Somos herederos de muchos siglos de divisiones y dualismos. Hemos separado el alma del cuerpo y la razón de los sentimientos. Las cosas «razonables» nos parecen buenas, y las emocionales, si no malas, al menos sospechosas. Las palabras no nos alcanzan cuando se trata de sentimientos muy fuertes que nos desbordan, nuestros o ajenos: ante la muerte de un ser querido, la desaparición de un familiar, el abuso de un inocente. No nos alcanzan las palabras y tampoco las ganas de compartirnos.
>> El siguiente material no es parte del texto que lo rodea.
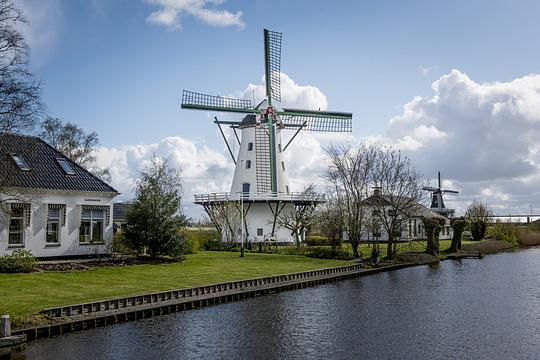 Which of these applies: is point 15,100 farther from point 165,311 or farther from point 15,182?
point 15,182

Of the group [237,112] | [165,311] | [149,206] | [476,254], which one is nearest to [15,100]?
[165,311]

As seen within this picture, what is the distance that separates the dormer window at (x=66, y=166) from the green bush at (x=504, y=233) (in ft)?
162

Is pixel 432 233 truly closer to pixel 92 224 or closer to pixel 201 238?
pixel 201 238

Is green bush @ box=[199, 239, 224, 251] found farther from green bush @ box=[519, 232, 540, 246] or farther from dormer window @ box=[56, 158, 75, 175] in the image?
green bush @ box=[519, 232, 540, 246]

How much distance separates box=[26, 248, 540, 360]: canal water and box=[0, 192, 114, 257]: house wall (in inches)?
410

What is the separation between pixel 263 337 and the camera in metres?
14.6

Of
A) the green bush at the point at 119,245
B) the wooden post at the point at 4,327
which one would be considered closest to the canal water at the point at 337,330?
the wooden post at the point at 4,327

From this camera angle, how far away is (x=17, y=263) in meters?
21.5

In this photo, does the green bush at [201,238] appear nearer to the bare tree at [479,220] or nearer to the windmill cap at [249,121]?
the windmill cap at [249,121]

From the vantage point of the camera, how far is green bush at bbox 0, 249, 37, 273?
838 inches

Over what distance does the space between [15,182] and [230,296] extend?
11173mm

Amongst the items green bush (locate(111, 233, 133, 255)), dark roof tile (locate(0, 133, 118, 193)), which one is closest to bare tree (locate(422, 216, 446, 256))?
green bush (locate(111, 233, 133, 255))

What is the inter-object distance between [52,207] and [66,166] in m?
2.67

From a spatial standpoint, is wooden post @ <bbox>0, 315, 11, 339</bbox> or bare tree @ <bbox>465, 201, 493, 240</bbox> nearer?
wooden post @ <bbox>0, 315, 11, 339</bbox> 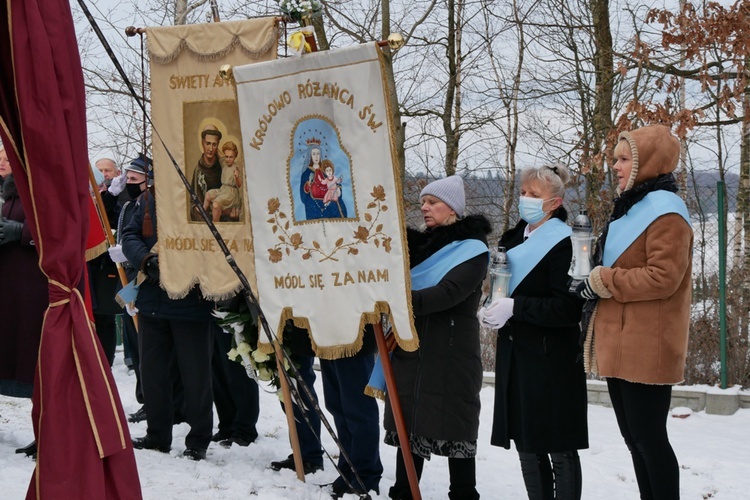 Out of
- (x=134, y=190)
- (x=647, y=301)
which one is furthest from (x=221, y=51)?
(x=647, y=301)

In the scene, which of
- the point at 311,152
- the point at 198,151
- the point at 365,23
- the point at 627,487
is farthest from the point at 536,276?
the point at 365,23

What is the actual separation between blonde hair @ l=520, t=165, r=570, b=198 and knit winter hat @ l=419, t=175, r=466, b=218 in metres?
0.37

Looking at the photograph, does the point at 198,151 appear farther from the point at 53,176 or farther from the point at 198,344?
the point at 53,176

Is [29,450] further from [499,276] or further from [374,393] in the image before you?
[499,276]

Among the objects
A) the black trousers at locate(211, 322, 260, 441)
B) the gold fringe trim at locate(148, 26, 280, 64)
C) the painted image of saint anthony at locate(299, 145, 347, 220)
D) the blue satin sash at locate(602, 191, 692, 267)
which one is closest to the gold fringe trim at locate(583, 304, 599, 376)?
the blue satin sash at locate(602, 191, 692, 267)

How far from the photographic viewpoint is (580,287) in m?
3.96

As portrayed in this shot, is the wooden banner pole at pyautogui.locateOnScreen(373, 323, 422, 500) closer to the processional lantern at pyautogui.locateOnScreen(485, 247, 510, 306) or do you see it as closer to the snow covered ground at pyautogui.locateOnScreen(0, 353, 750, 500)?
the snow covered ground at pyautogui.locateOnScreen(0, 353, 750, 500)

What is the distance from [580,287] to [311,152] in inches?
59.8

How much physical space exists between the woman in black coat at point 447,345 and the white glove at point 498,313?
0.91ft

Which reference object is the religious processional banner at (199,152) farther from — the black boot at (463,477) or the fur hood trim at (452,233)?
the black boot at (463,477)

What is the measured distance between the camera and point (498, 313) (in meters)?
4.05

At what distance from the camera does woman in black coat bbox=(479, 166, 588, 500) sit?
406 centimetres

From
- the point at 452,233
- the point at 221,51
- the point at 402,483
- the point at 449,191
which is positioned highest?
the point at 221,51

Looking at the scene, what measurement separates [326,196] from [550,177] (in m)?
1.13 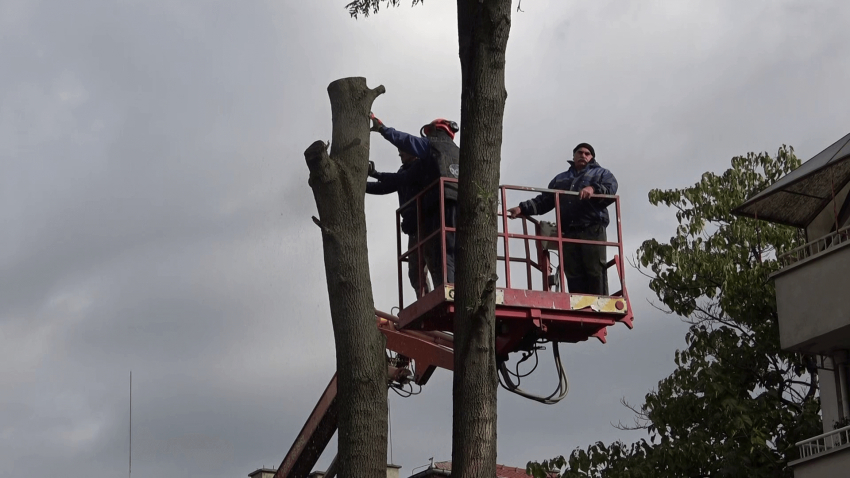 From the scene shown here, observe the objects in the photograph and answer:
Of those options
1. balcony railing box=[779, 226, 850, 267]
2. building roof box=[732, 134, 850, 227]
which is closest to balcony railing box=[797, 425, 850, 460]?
balcony railing box=[779, 226, 850, 267]

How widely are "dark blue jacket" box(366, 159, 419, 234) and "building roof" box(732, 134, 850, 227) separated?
7.73 metres

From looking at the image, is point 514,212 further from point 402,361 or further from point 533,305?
point 402,361

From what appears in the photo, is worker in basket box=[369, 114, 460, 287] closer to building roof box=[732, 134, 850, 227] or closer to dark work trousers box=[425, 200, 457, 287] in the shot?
dark work trousers box=[425, 200, 457, 287]

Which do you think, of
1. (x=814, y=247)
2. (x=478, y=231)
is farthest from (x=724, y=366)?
(x=478, y=231)

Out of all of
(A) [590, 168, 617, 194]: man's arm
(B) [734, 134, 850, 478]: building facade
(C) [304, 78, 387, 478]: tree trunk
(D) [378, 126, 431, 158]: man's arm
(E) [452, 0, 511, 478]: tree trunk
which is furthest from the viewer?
(B) [734, 134, 850, 478]: building facade

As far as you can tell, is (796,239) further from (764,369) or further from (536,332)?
(536,332)

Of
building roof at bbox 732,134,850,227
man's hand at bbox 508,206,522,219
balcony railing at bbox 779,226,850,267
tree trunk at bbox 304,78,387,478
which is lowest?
tree trunk at bbox 304,78,387,478

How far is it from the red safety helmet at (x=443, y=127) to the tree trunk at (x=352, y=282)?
4.95 metres

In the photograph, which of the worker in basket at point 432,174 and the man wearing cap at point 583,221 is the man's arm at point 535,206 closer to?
the man wearing cap at point 583,221

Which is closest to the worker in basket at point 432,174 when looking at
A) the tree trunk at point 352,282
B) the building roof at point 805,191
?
the tree trunk at point 352,282

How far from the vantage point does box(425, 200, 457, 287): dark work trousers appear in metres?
13.3

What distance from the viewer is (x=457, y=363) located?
7.79m

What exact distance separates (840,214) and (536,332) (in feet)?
29.4

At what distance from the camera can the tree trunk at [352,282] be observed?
7730 mm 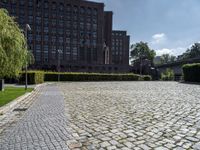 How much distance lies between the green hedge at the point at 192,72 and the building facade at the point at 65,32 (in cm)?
6763

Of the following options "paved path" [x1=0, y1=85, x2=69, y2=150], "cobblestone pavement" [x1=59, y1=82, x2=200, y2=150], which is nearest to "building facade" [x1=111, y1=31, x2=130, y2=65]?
"cobblestone pavement" [x1=59, y1=82, x2=200, y2=150]

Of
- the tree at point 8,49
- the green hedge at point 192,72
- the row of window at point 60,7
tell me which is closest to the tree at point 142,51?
the row of window at point 60,7

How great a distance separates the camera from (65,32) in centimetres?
11912

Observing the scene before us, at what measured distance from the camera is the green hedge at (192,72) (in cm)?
3844

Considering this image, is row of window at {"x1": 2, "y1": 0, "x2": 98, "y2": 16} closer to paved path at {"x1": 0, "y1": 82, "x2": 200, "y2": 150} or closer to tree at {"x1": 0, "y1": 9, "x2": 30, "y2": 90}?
tree at {"x1": 0, "y1": 9, "x2": 30, "y2": 90}

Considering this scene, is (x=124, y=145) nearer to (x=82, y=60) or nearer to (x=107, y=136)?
(x=107, y=136)

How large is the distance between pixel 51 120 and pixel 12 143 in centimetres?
274

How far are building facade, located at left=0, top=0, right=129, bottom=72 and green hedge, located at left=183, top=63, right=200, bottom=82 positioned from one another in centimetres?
6763

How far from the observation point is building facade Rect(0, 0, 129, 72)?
112 meters

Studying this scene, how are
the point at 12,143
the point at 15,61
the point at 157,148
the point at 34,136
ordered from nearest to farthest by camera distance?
the point at 157,148 < the point at 12,143 < the point at 34,136 < the point at 15,61

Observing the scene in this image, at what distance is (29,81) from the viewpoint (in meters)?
33.0

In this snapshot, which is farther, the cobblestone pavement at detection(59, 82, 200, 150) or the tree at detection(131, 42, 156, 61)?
the tree at detection(131, 42, 156, 61)

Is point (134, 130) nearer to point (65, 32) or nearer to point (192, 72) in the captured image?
point (192, 72)

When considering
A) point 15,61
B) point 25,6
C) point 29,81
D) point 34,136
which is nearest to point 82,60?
point 25,6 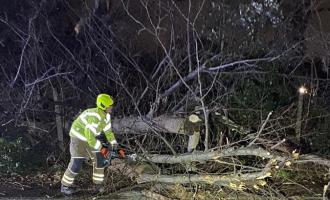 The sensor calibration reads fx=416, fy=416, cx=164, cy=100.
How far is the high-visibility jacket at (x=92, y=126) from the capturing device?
5.48m

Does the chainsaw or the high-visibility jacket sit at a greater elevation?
the high-visibility jacket

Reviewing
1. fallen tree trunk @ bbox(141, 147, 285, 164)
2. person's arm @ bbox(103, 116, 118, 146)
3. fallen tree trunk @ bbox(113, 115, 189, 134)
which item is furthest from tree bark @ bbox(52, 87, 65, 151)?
fallen tree trunk @ bbox(141, 147, 285, 164)

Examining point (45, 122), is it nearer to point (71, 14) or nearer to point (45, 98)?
point (45, 98)

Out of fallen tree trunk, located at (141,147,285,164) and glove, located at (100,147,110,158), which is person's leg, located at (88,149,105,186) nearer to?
glove, located at (100,147,110,158)

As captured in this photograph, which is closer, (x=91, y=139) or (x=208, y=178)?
(x=208, y=178)

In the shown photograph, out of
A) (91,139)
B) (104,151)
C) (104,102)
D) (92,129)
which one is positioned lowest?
(104,151)

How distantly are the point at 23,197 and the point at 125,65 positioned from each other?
4092 millimetres

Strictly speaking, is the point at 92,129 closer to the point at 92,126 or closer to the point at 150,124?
the point at 92,126

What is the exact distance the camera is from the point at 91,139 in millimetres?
5457

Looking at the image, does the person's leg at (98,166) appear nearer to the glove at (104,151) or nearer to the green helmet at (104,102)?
the glove at (104,151)

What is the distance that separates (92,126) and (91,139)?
0.17 meters

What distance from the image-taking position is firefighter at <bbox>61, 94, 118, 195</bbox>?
18.0 ft

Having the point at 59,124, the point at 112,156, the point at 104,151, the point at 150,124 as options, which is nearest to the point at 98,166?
the point at 112,156

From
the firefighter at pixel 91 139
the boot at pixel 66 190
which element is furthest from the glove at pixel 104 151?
the boot at pixel 66 190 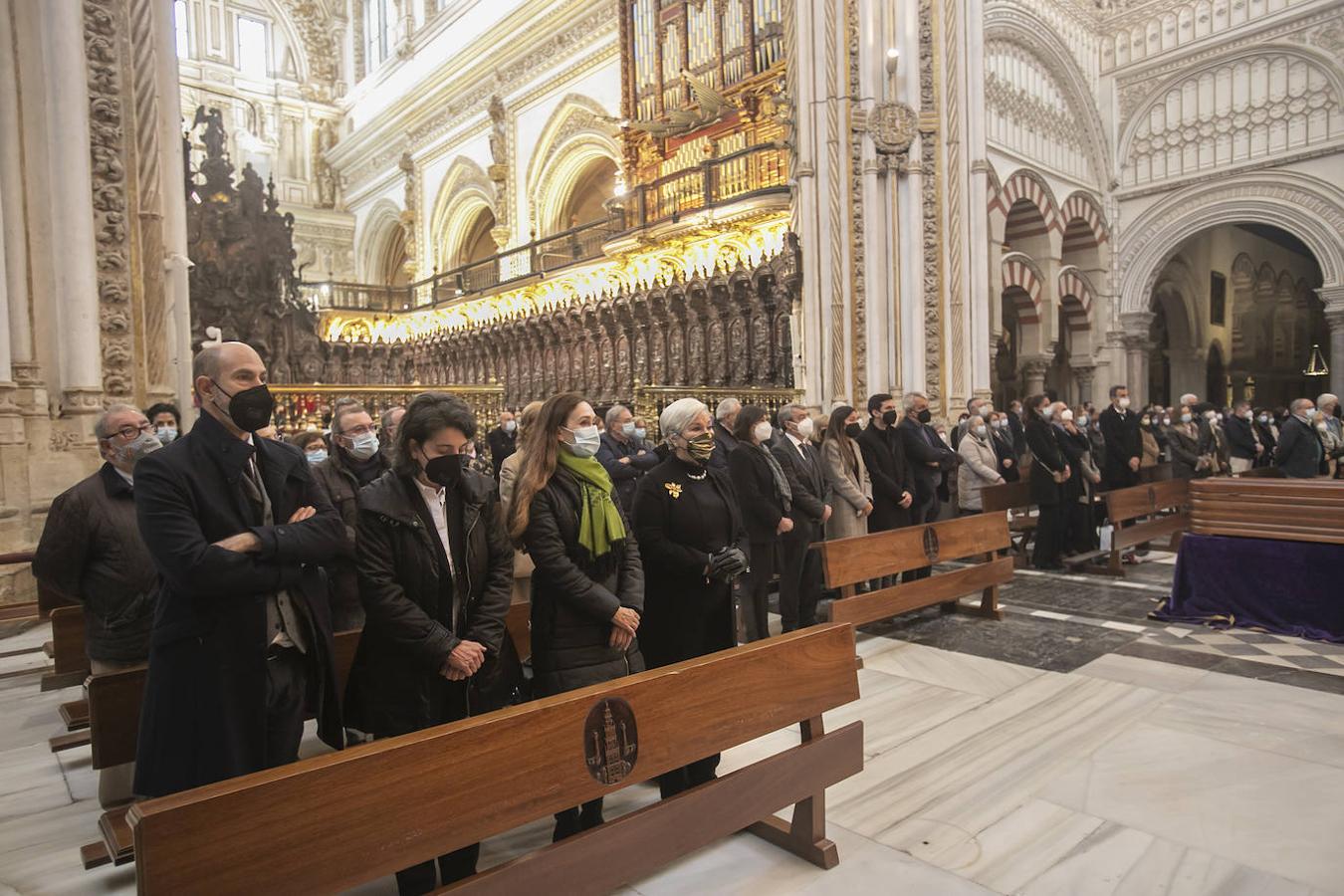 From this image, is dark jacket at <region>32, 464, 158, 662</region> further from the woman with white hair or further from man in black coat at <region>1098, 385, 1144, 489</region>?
man in black coat at <region>1098, 385, 1144, 489</region>

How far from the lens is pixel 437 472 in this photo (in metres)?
2.22

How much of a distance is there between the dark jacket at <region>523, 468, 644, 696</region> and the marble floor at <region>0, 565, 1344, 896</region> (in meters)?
0.64

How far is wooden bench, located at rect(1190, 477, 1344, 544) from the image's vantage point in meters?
4.58

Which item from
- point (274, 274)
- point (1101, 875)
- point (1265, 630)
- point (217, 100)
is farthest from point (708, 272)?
point (217, 100)

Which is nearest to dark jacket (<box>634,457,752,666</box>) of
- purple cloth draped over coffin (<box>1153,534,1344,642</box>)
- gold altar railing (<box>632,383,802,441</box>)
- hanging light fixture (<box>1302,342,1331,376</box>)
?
purple cloth draped over coffin (<box>1153,534,1344,642</box>)

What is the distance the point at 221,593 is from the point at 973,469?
21.0 feet

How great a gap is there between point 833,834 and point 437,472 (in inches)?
69.6

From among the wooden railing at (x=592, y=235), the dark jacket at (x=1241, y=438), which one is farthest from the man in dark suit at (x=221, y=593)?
the dark jacket at (x=1241, y=438)

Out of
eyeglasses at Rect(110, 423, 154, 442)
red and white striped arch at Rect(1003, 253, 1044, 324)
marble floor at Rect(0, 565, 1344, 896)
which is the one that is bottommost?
marble floor at Rect(0, 565, 1344, 896)

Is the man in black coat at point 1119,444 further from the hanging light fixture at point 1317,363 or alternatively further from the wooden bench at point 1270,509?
the hanging light fixture at point 1317,363

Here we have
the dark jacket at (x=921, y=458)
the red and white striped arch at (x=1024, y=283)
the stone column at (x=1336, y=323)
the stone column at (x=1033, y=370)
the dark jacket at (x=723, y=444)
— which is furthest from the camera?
the stone column at (x=1033, y=370)

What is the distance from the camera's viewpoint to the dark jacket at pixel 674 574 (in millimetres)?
2936

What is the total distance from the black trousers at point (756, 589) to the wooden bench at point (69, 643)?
3.08 m

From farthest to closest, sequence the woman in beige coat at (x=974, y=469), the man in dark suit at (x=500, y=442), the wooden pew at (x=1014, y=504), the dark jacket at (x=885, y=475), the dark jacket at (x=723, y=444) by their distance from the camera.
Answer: the man in dark suit at (x=500, y=442), the woman in beige coat at (x=974, y=469), the wooden pew at (x=1014, y=504), the dark jacket at (x=885, y=475), the dark jacket at (x=723, y=444) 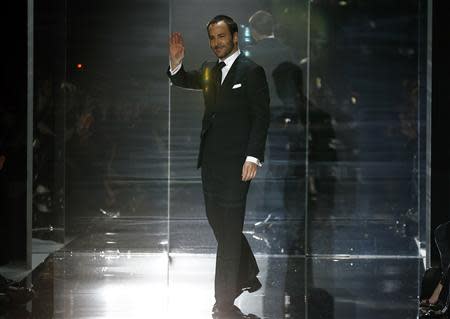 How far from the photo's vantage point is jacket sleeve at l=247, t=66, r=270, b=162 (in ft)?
17.2

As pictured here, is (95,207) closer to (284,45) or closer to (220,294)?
(284,45)

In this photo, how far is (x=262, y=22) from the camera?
7.26 meters

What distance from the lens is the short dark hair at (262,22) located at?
7.25 meters

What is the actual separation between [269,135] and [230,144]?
2.08 meters

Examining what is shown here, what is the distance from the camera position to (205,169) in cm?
543

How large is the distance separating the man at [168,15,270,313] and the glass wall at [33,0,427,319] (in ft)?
6.03

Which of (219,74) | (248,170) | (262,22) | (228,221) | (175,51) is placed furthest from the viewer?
Result: (262,22)

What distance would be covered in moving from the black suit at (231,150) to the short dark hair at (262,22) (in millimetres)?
1845

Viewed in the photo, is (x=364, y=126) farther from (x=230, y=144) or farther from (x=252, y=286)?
(x=230, y=144)

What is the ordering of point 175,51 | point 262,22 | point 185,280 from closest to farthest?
point 175,51, point 185,280, point 262,22

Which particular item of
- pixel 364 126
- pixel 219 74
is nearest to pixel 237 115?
pixel 219 74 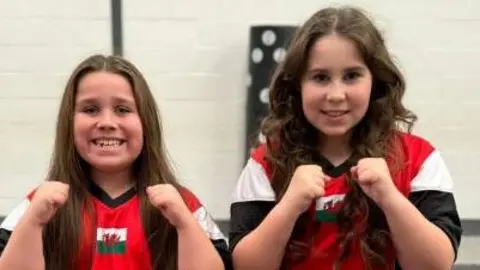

Ante el dolor o los sentimientos abrumadores nos escondemos, nos ocultamos o nos callamos, y esperamos que el otro o la otra hagan lo mismo, pues nos resulta incómodo presenciar las demostraciones de sentimiento, sobre todo cuando éstas son desgarradoras.
Olvidamos que el sentir no es un proceso racional por mucho que lo podamos racionalizar, el sentir puede ser una conmoción que enmudezca o que nos saque un grito de lo más profundo de las entrañas (como el del personaje de la madre al final de la película Camina sin mí del director Radu Mihăileanu).
Y todo esto viene a cuento porque, para poder acompañar en situaciones de extremo dolor, se requiere algo más que razón, buenas intenciones y palabras, se requiere dejarnos tocar por el dolor ajeno. No se trata de ponernos en el lugar del otro, hay lugares donde no podemos ponernos porque ni los imaginamos, o porque les tememos. Yo no quisiera ponerme en el lugar la madre de un hijo desaparecido, no quisiera ni imaginarme estar en esa situación. Además, el «ponernos en el lugar del otro» contiene el viejo problema de que quien se pone es una o uno, con toda su carga de vivencias, de prejuicios y de soluciones a los problemas. Al ponernos en el lugar del otro aplastamos al otro, ya no le escuchamos, empezamos a dar consuelo desde lo que a nosotras o a nosotros nos consolaría, desde lo que pensamos, queremos y sentimos nosotras, nosotros.
En la Biblia se le pide a Dios un tipo de amor muy especial que muchas veces se nos olvida: σπλαγχνιζόμαϊ, lo traducimos como «compasión» o «misericordia», pero la raíz de este término es el término σπλαγχνον, que significa algo así como «visceral». Dios nos ama desde las entrañas, de manera visceral, el totalmente otro está abierto a sus criaturas y su amor le cimbra y nos cimbra. Ése es el amor al que estamos invitados como cristianas y cristianos, a dejarnos tocar íntimamente y rugir (ver el salmo 18) ante el dolor de los otros, ante el nuestro. No se trata de ponernos en el lugar del otro, sino de permitir que el lugar de los demás me cimbre, me abra, agrande el horizonte de mi mirada y sepamos estar, no hablar, ni solucionar nada, solamente estar, acompañar en el camino y caminar juntos.
Las madres que parieron y aman desde sus entrañas —no todas las madres, sino las que aman así—, no se ponen en el lugar del hijo o de la hija, ni necesariamente le resuelven la vida, sólo están, acompañan, aprenden a ver desde esa nueva mirada que les abre otros mundos y brindan fortaleza con su presencia. Tal vez ya sea tiempo de vivir y hacer vivir en el mundo al Dios–madre que ama desde sus entrañas.